Check out your supply chain reading with expenses from Deliver professional magazine(www.supplypro.ca) for insights and interviews with top supply practitioners. Why reinvent the wheel when you can learn practical information from the titans of the industry themselves; who run their businesses and make a difference in the supply chain community. (COVID 19 whitepapers are also available.)
Don’t wait to show up or be asked about your supply chain expertisethe manufacturing capabilities and logistical capabilities of your organization and how these can be leveraged to keep critical supplies and support services open to frontline workers and healthcare providers struggling in your communities.
Don’t take a “wait and see” attitude and hoping that there won’t be another major disruption to your supply chain in the future…it will.
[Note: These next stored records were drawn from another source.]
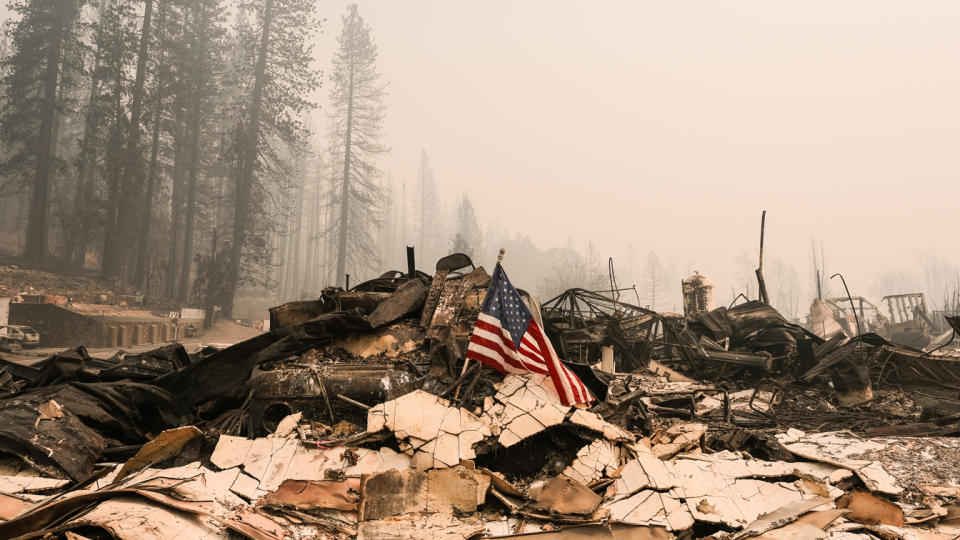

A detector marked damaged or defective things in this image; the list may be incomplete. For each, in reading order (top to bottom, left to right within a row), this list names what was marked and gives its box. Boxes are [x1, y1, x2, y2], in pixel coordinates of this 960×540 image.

cracked concrete debris [366, 388, 492, 468]
broken concrete slab [366, 388, 492, 468]
charred debris field [0, 254, 956, 540]
burned rubble pile [0, 255, 960, 536]
burned vehicle wreck [3, 254, 960, 540]
cracked concrete debris [480, 374, 568, 450]
cracked concrete debris [564, 438, 632, 486]
cracked concrete debris [776, 432, 904, 496]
Learn from today, plan and prepare for tomorrow.
Don’t lower your due diligence in obtaining much-needed supplies – via new or possibly alternative sources of supply outside of China, Asia or other parts of the world that are struggling. Note that counterfeit markets thrive in times of crisis; and quality and social responsibility In addition to costs and immediate availability, risks should also be taken into account. Now is the time to step up efforts to protect your business and supply chain. not diminish or weaken with fast or cheaper sounding alternatives.
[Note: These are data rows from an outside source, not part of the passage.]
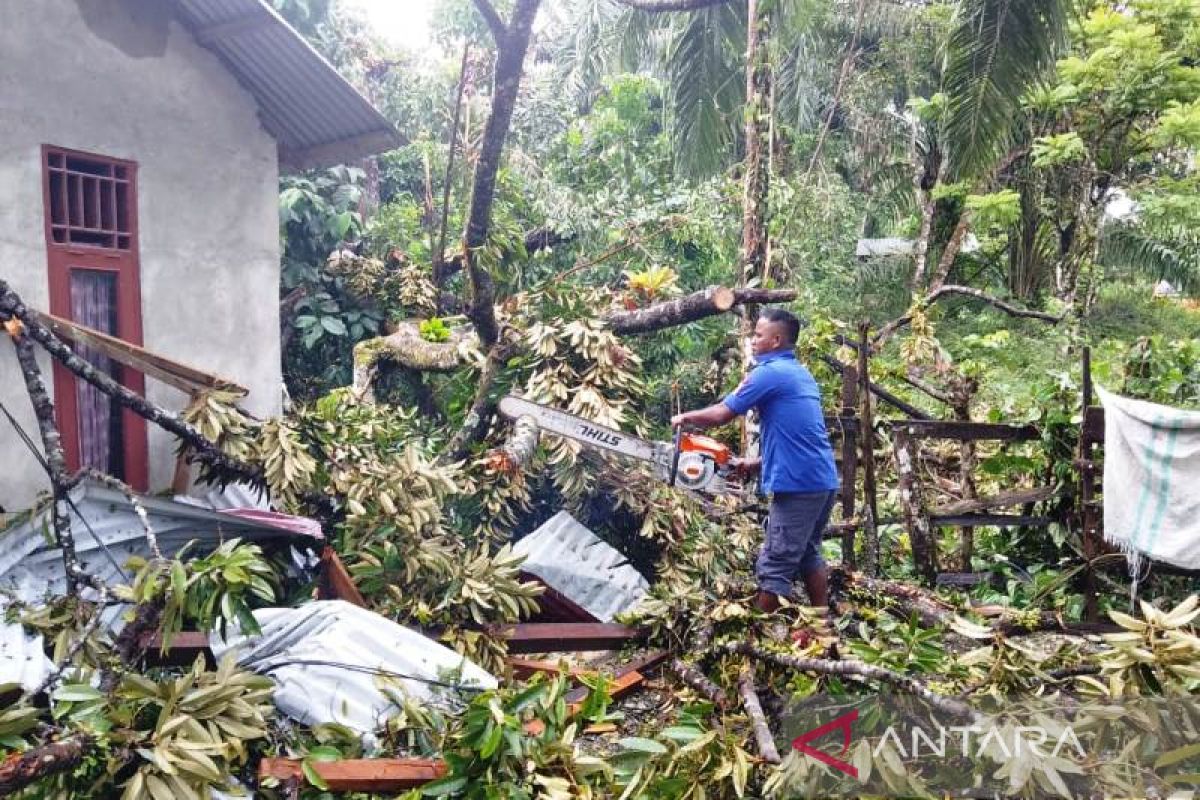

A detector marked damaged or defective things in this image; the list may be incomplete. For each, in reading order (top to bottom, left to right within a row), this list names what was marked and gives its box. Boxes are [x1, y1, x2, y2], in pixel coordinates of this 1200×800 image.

crumpled metal roofing sheet [171, 0, 400, 167]
broken wooden beam [897, 419, 1036, 443]
crumpled metal roofing sheet [0, 479, 324, 604]
damaged roof panel [513, 513, 648, 623]
crumpled metal roofing sheet [513, 513, 652, 623]
crumpled metal roofing sheet [0, 623, 52, 690]
crumpled metal roofing sheet [212, 599, 496, 738]
broken wooden beam [489, 623, 648, 652]
broken wooden beam [259, 758, 451, 796]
Don’t forget the possibility of accidentally including your company in forced and/or child labor, poor working conditions, other human rights abuses or environmental concerns; in the pre-qualification of new and potential suppliers. Practice responsible and ethical sourcing.
Do not immediately threaten suppliers with legal action (local or remote) get into a bad situation and try to enforce the force majeure clauses in their contracts. Work with them to determine an appropriate course of action instead. Cool heads are needed right now and honest transparency about your situation and the skills you share as a partner and lender is paramount if you are to weather the storm.
Do not engage in hoarding, reselling, or profiteering of food, cleaning and medical supplies, protective gear and other essential items that could be diverted and used in the manufacture of medical supplies for frontline workers in your community. Whether personally or on behalf of your employer – it’s just not right.
Don’t wait for the authorities to issue and enforce new sweeping regulations supply chain control. Make your knowledge and expertise available and see how you and your business can participate in local professional supply chain coordination units to ensure the safety of the public and the continued existence of a strong and resilient supply chain of much-needed food and medical goods and services guarantee.